I imagine that surely there must be a way to do this automatically, to have Stata produce a table like this (albeit without my fancy conditional formatting), but I have no idea how.

Any suggestions that might help me avoid this tedium in future?

Last edited by Oliver McManus; 09 Jun 2016, 13:02.
Tags: None

William Lisowski

Join Date: Dec 2014
Posts: 10150

09 Jun 2016, 18:50

Here is an example to start you along your way.

Code:

. tempfile varlist

. save `varlist', emptyok
(note: dataset contains 0 observations)
file /var/folders/xr/lm5ccr996k7dspxs35yqzyt80000gp/T//S_02880.000003 saved

. forvalues i=75/76 {
  2.     use data`i', clear
  3.     describe, replace
  4.     keep name
  5.     gen int datayear = `i'
  6.     list, noobs
  7.     append using `varlist'
  8.     save `varlist', replace
  9.     }

  +-----------------+
  | name   datayear |
  |-----------------|
  | year         75 |
  |    x         75 |
  |    y         75 |
  +-----------------+
file /var/folders/xr/lm5ccr996k7dspxs35yqzyt80000gp/T//S_02880.000003 saved

  +-----------------+
  | name   datayear |
  |-----------------|
  | year         76 |
  |    y         76 |
  |    z         76 |
  +-----------------+
file /var/folders/xr/lm5ccr996k7dspxs35yqzyt80000gp/T//S_02880.000003 saved

. use `varlist', clear
(describe data76.dta)

. table datayear name

----------------------------------
          |     variable name     
 datayear |    x     y  year     z
----------+-----------------------
       75 |    1     1     1      
       76 |          1     1     1
----------------------------------


.

Comment

Clyde Schechter

Join Date: Apr 2014

Posts: 30122
#3

09 Jun 2016, 18:58

This was also asked and answered at http://www.statalist.org/forums/foru...-for-variables. My answer there and William's here are minor variants of each other.
Comment
Oliver McManus

Join Date: Mar 2016

Posts: 22
#4

13 Jun 2016, 09:37

Thank you for your suggestions, I've tried both today and I'll reply here so you are both updated.

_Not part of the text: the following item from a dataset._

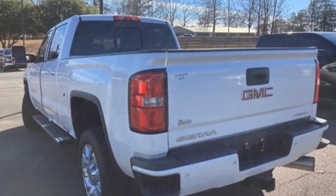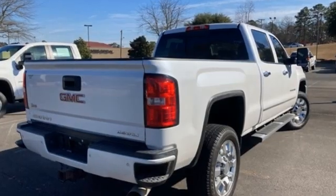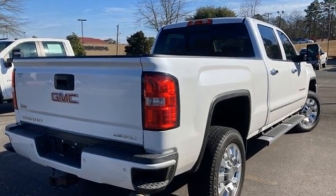They say a journey of a thousand miles begins with one step. Well, in this case, it begins with a test drive. Start your next adventure today.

I've adapted mainly from Clyde's answer, because my datasets aren't consistently named and because I've got too many variables for Stata to display a table. This is what I've got so far:

Code:

local filelist: dir "/home/oliverm/windows/7/Desktop/fortable" files "*.dta" clear tempfile building save `building', emptyok scalar datayear = 1992 foreach f of local filelist { use `"`f'"', clear describe, replace gen year = `=datayear' append using `building' save `"`building'"', replace scalar datayear = `=datayear+1' } use `building', clear keep name year gen byte present_ = 1 reshape wide present, i(year) j(name) string rename present_* * export excel using variable_year_crosswalk.xlsx, clear firstrow(variables)

The problem I'm facing at the moment is in reshaping the data. Specifically, I get the error present_AverageLONGERMVPAMinutesPerValid invalid variable name. I've just read that variable names can only be up to 32 characters long, so I'm assuming that's the issue.

I don't know how many variables are currently 32 characters long (there are thousands), nor whether I could shorten them without them becoming ambiguous (not that I know how to shorten them anyway).

Any suggestions?
Comment
William Lisowski

Join Date: Dec 2014

Posts: 10150
#5

13 Jun 2016, 09:58

Consider replacing your reshape command from Clyde's suggestion with some version of table, replace following the lead in my suggestion.
Comment
Oliver McManus

Join Date: Mar 2016

Posts: 22
#6

13 Jun 2016, 10:05

Just tried, it gives an error, too many values (I've got > 40,000 "observations" in the combined dataset).
Comment
Clyde Schechter

Join Date: Apr 2014

Posts: 30122
#7

13 Jun 2016, 11:47

Well, that's a vexing problem. One starting point is, instead of -gen present = 1-, make it -gen _ = 1-, and then -reshape _, i(year) j(name) string- And then -rename _* *-.

That will get you by with any variable whose name is 31 characters or fewer.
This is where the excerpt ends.